Logistic News - Published on Fri, 20 Mar 2020

Image Source: dnvgl.com
Seasonal storage technology has the potential to become cost-effective long-term electricity storage system. This is one of the key findings of DNV GL’s latest research paper ‘The promise of seasonal storage’, which explores the viability of balancing yearly cycles in electricity demand and renewable energy generation with long-term storage technology. As energy demand is increasingly electrified, for example through rising numbers of electric vehicles and in buildings, for space heating and cooling, this growing demand is largely being met by variable renewables, which increases the need for long-term storage solutions. Based on a case study modelling electricity generation and demand for 58 different climate years, DNV GL’s researchers gained insight into the need and viability for the use of seasonal storage technology for electricity.
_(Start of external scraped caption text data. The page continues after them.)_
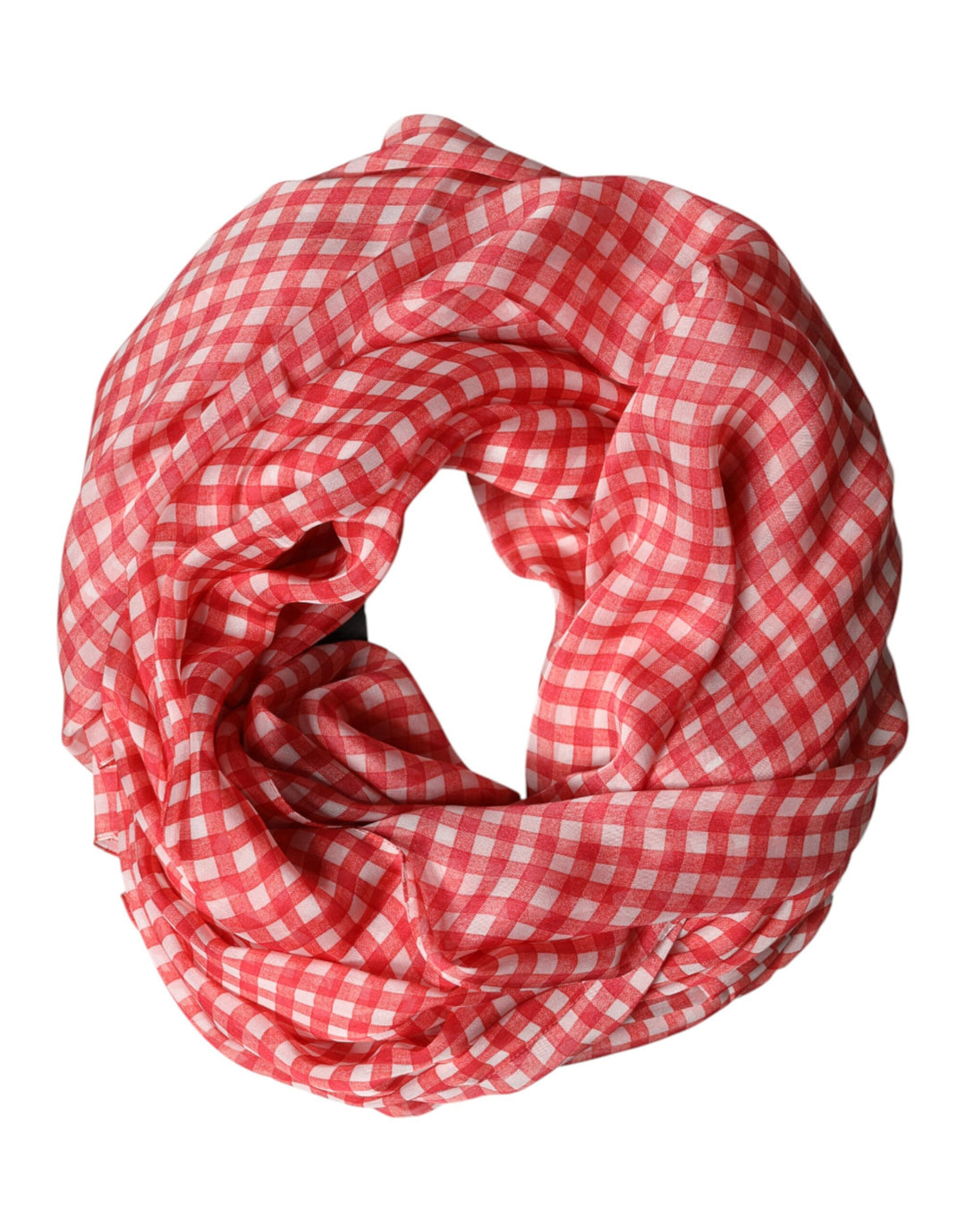 Dolce &amp; Gabbana Red Checkered Silk Neck Wrap Shawl Scarf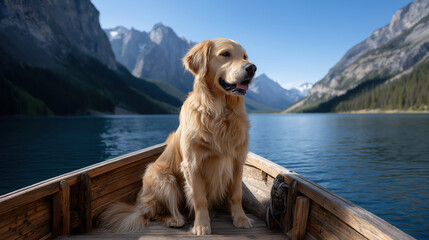 Beautiful outdoor landscape featuring a golden retriever sitting on a boat in a stunning mountain lake surrounded by scenic water lush wilderness and tranquil nature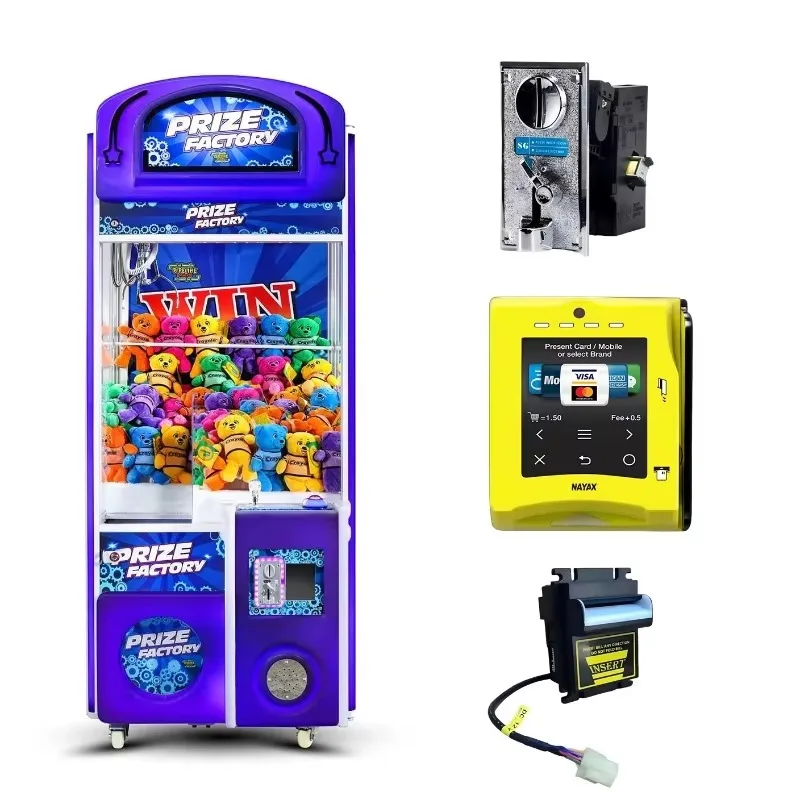 【2026】آلة ألعاب مخلب ألعاب من القطيفة تعمل بقطع النقود المعدنية مع خزانة شفافة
When assessing the use and business cases for this long-term storage technology, DNV GL’s researchers came to the following conclusions:

The need for additional storage solutions is lower than expected and can be largely covered with available short-term storage technology such as battery storage systems.
The growing number of electric vehicles in our transport system will provide most of the needed short-term energy storage to balance renewable energy in the power grid.
The rise of synthetic fuels can provide a critical stepping-stone for the use of seasonal storage applications. Synthetic fuels enable CO heavy sectors to be decarbonized by creating hydrogen from low-priced (renewable-generated) electricity, which is then converted into e-fuels like ammonia. For the use case investigated, the long-term storage of electricity would become economically viable, especially in markets like Germany, where a vast amount of low-carbon electricity will be available in the coming decades.
The price of seasonal storage, if based on compressed hydrogen, could become cost-competitive with alternative forms of long-term storage such as burning gas due to the growing incentivisation of low-carbon technology. This price development is based on the expected increase of the carbon price from 25USD to 60USD per tonne CO by 2050 in Europe, according to DNV GL’s Energy Transition Outlook report.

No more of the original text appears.